De nadruk op efficiëntie en hoge opbrengsten heeft tot nu toe geleid tot uitbreiding van de teelt van snelle koolhydraten, oliën en vetten die vooral meerwaarde opleveren voor de aandeelhouders van een handvol agrifood-conglomeraten (Big Food) en de rest van de wereld heeft opgezadeld met schade aan ecologie, economie en gezondheid en een minimale bestaanszekerheid voor de boer.
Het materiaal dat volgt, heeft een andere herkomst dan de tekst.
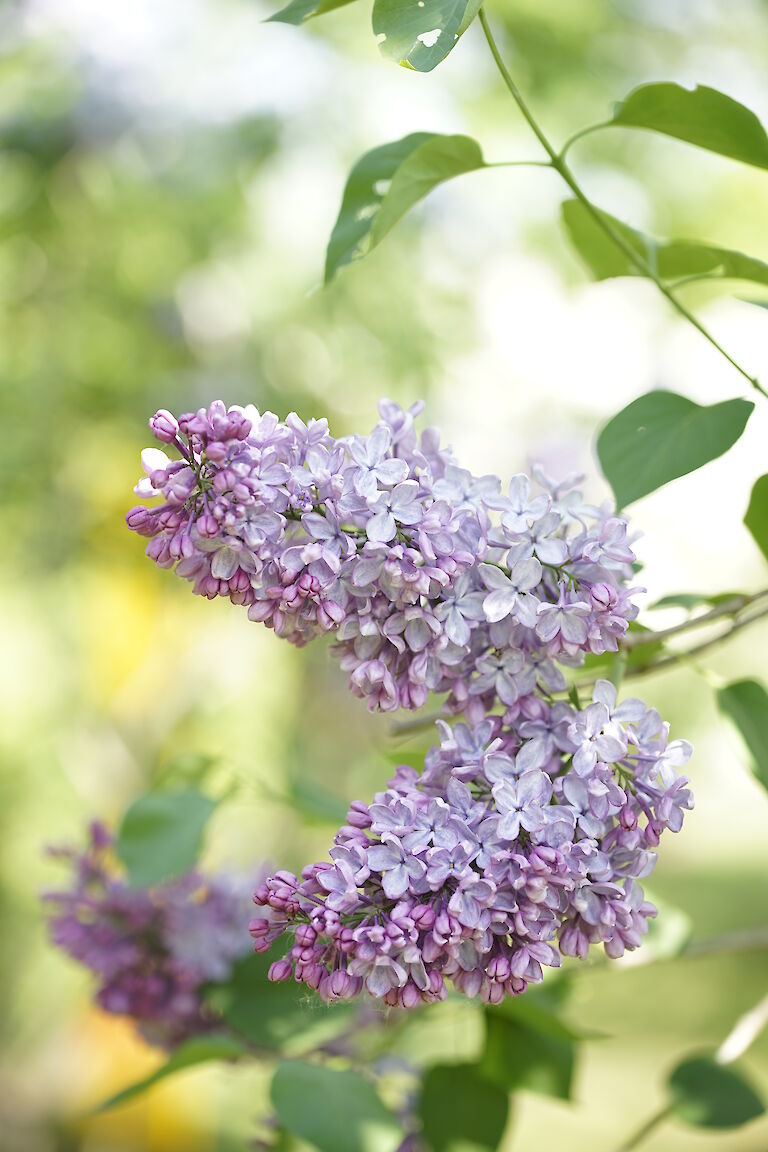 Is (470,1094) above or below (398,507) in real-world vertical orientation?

Zelfs bij projecten die open-source zijn, blijft de vraag of de boer uiteindelijk profiteert. Doel van het consortium van Bill & Melinda Gates, de FAO en een aantal landen is om overheden in staat te stellen effectief beleid te ontwikkelen. Maar de vraag is hoeveel ontwikkelingslanden een overheid hebben die een effectief landbouwbeleid als doel heeft.
Stelende apen
Los daarvan kun je je afvragen of de algoritmes die op basis van Big Data worden ontwikkeld wel voldoende rekening houden met de realiteit waar kleine boeren in ontwikkelingslanden mee te maken hebben. Ravic Nijbroek is social wetenschapper bij het International Center for Tropical Agriculture (CIAT) in Nairobi, een van de CGIAR-instituten.
Vorig jaar, zo vertelt hij in een artikel op Food Tank was hij op bezoek bij een boer en zag dat haar tomatenplanten helemaal waren overwoekerd met onkruid. Waarom haal je dat niet weg, vroeg hij. Daarop wees de vrouw naar de bomen en vertelde hem dat als ze het onkruid zou wieden, de apen al haar tomaten op zouden eten. Door het onkruid houdt ze in ieder geval nog een paar tomaten over.
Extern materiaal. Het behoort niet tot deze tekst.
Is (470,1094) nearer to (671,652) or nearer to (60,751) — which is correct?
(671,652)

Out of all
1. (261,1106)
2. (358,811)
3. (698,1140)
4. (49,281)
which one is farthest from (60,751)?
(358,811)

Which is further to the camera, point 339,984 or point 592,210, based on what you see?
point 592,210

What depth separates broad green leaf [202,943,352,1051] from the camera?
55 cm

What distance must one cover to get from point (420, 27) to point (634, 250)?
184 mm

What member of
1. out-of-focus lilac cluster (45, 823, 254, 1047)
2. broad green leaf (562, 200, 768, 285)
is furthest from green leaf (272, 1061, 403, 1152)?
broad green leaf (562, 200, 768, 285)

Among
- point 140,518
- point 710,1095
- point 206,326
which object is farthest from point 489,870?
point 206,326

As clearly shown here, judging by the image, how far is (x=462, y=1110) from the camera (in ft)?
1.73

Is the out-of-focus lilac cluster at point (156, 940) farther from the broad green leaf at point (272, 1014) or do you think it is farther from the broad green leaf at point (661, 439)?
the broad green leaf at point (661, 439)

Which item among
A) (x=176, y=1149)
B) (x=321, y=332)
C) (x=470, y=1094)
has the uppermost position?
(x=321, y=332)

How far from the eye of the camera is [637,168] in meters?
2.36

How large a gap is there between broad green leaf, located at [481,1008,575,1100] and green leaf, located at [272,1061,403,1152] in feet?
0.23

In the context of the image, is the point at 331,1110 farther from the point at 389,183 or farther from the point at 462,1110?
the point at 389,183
Tja, zulke dingen bedenk je natuurlijk niet achter je beeldscherm in een airconditioned kantoor in St. Louis.
Precisielandbouw
In Westerse landen is datagedreven landbouw is niet meer weg te denken. Twee derde van de Nederlandse boeren maakt gebruik van GPS bij het zaaien, ploegen en oogsten. Bedrijven en overheden investeren stevig in het verzamelen, verwerken van gegevens en het omzetten van informatie in instructies. Met slimme sensoren en GPS wordt de ontwikkeling van gewassen in de gaten gehouden.
De sensoren meten bijvoorbeeld de pH-waarde in de grond, of de hoeveelheid organische stoffen. De beelden die een drone schiet, geven informatie over het stikstofgehalte in planten. Met GPS wordt een kaart gemaakt die de variatie binnen het perceel toont. Specifieke software stelt vervolgens de toestand van het gewas vast. Aan de hand van die gegevens kan een boer precies bepalen welke delen van het perceel welke behandeling nodig hebben.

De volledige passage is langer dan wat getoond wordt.